**WORK REQUEST**
The listing below should be written out word for word, with its pictures removed.

**DATA PROVIDED**
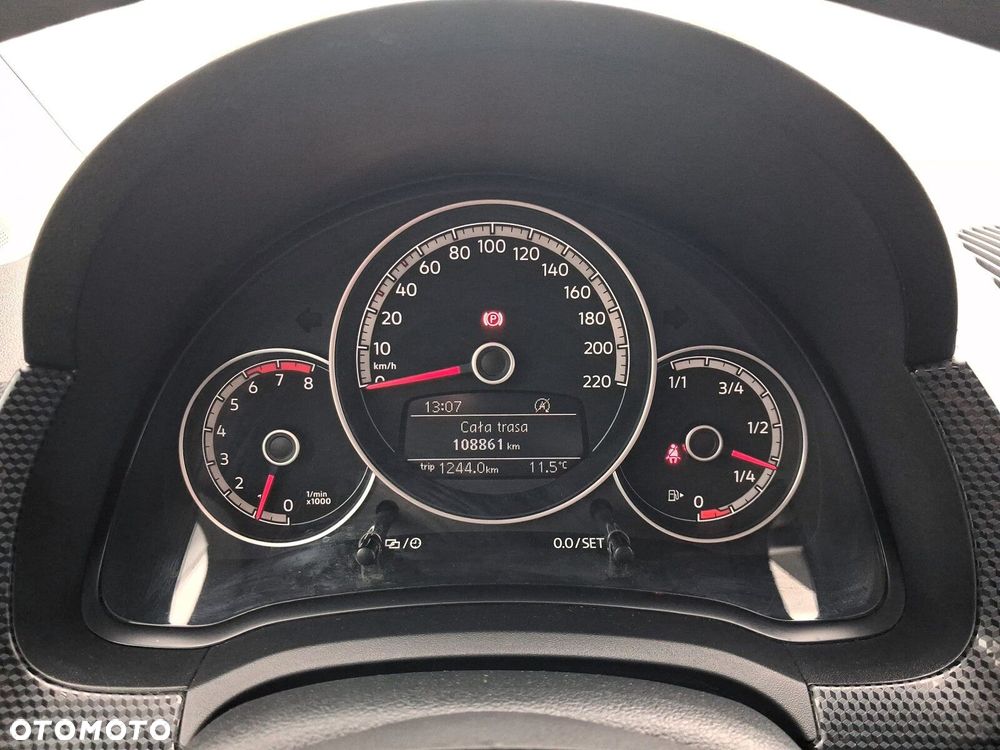 Volkswagen up! 1.0 move - 18
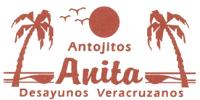 ANTOJITOS ANITA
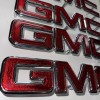 Unbranded GMC 94-06 SIERRA FRONT EMBLEM. 1PC Emblem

**OUTPUT FOR THIS TASK**
 Volkswagen up! 1.0 move - 18
 ANTOJITOS ANITA
 Unbranded GMC 94-06 SIERRA FRONT EMBLEM. 1PC Emblem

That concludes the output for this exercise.